SOURCE MATERIAL:
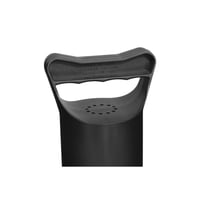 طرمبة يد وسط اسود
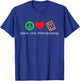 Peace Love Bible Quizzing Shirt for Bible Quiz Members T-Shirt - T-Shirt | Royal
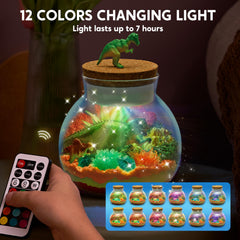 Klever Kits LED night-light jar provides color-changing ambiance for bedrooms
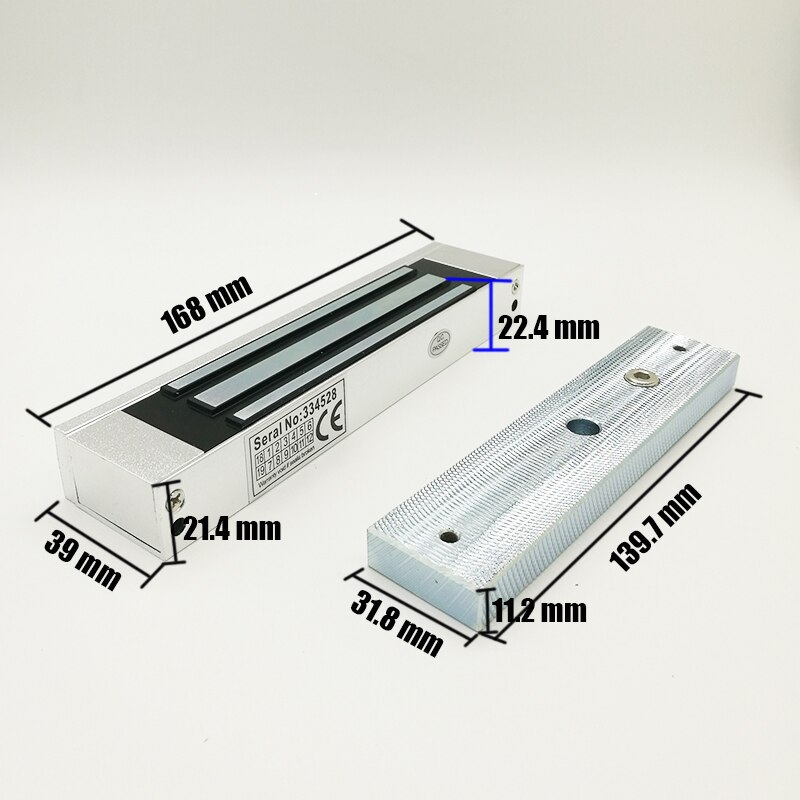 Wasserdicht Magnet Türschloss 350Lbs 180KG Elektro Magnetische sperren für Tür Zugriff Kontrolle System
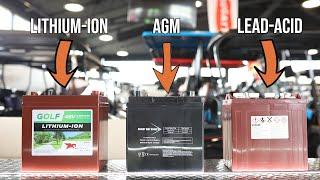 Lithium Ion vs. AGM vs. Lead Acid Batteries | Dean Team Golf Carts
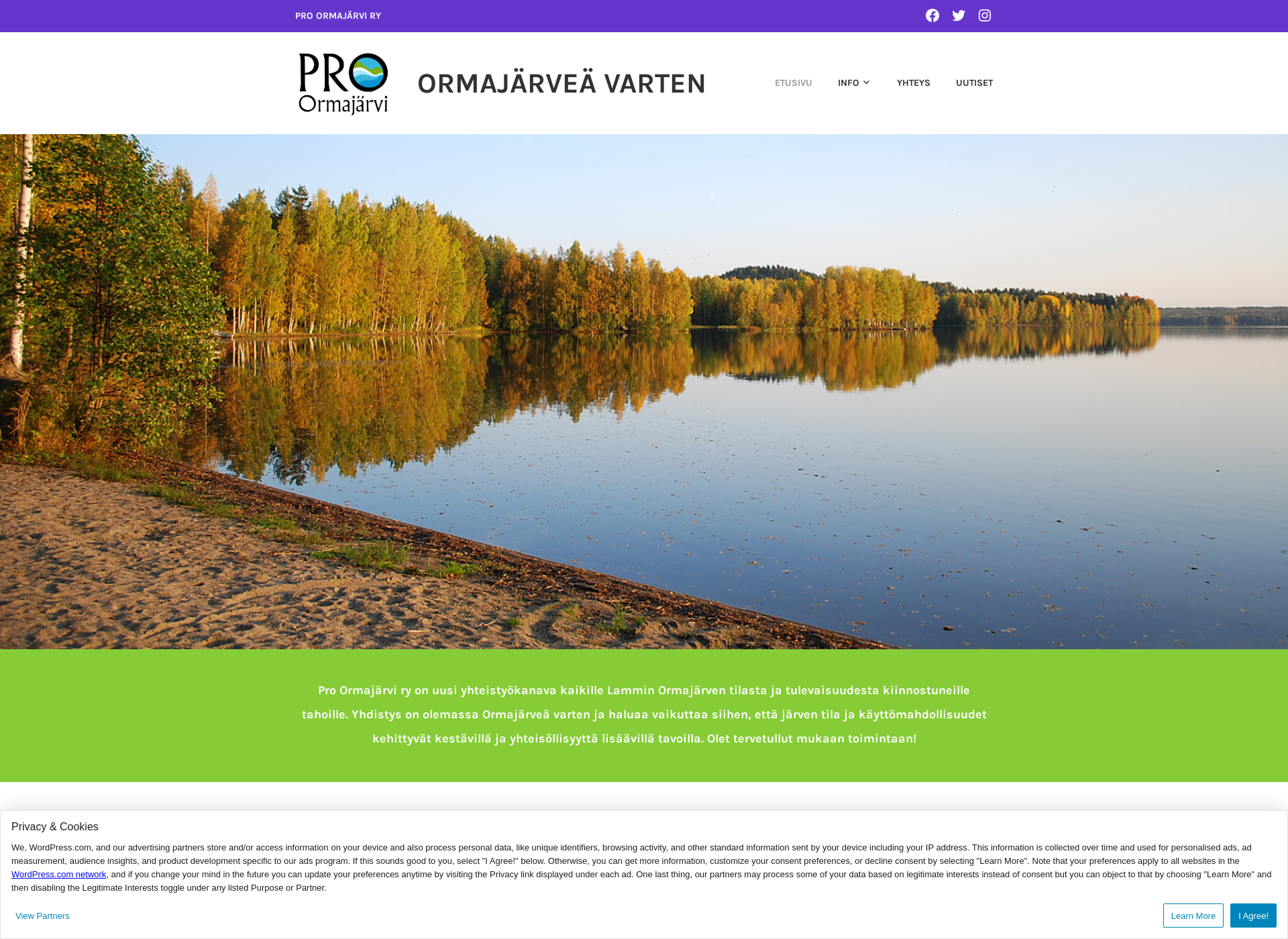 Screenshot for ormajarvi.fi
--
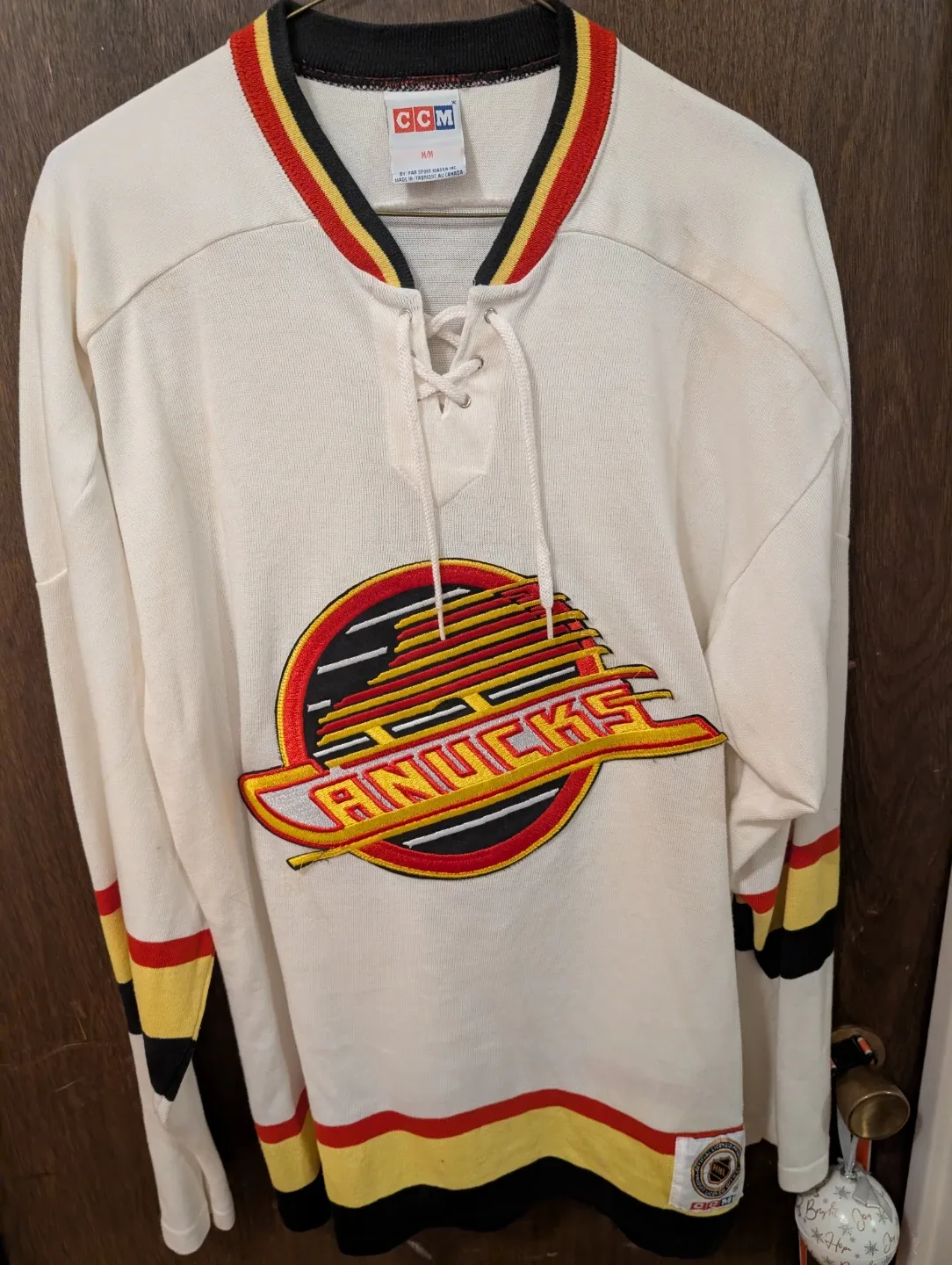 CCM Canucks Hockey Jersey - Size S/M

WHAT TO WORK ON: The stretch above running from the line with "Klever Kits LED" through the line with "Screenshot for ormajarvi.fi" is all you should copy, exactly, leaving out the pictures.

RESULT BELOW:
 Klever Kits LED night-light jar provides color-changing ambiance for bedrooms
 Wasserdicht Magnet Türschloss 350Lbs 180KG Elektro Magnetische sperren für Tür Zugriff Kontrolle System
 Lithium Ion vs. AGM vs. Lead Acid Batteries | Dean Team Golf Carts
 Screenshot for ormajarvi.fi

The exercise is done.